• _Supplied data_:
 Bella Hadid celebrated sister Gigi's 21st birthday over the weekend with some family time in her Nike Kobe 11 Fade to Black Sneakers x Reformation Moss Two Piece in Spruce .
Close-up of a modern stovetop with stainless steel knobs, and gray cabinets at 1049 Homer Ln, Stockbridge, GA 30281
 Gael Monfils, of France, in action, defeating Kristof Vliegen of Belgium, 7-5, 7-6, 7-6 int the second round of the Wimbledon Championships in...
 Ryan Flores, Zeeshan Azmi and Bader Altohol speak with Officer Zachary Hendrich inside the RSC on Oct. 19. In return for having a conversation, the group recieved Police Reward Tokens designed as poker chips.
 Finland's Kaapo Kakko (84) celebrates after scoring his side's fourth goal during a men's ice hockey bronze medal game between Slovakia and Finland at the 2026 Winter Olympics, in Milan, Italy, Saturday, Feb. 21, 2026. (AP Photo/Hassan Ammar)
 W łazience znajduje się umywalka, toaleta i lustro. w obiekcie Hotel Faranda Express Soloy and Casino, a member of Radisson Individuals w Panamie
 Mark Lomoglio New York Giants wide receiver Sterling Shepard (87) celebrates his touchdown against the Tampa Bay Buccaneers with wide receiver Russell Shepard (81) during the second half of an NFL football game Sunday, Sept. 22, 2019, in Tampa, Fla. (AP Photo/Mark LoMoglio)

* * *

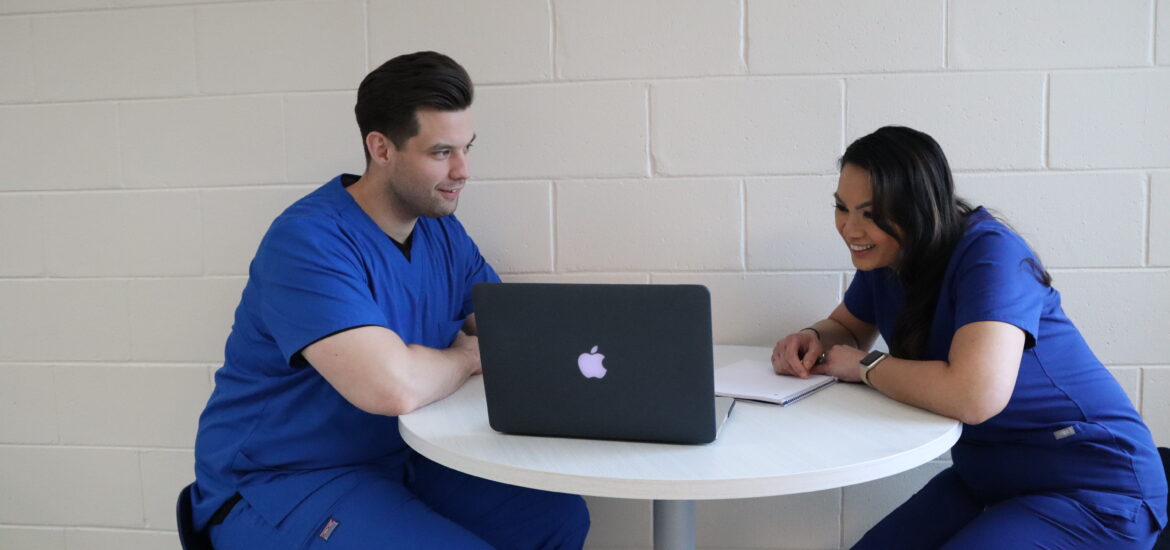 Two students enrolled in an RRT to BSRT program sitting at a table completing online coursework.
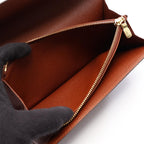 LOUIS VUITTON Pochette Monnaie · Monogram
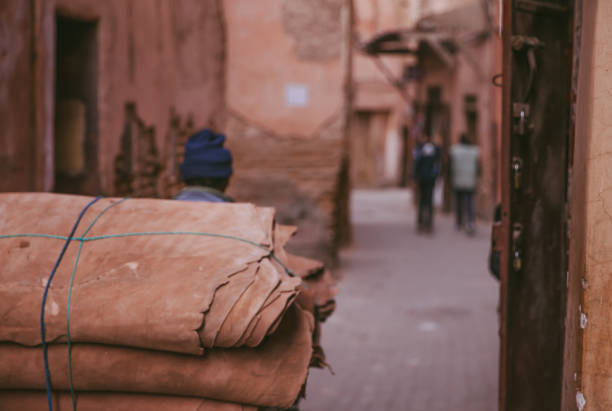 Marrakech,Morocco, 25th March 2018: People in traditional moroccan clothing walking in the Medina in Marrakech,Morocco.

• _What this task involves_: Work through the data line by line and state how many lines have the string "second"; add nothing else.

• _Result below_: 2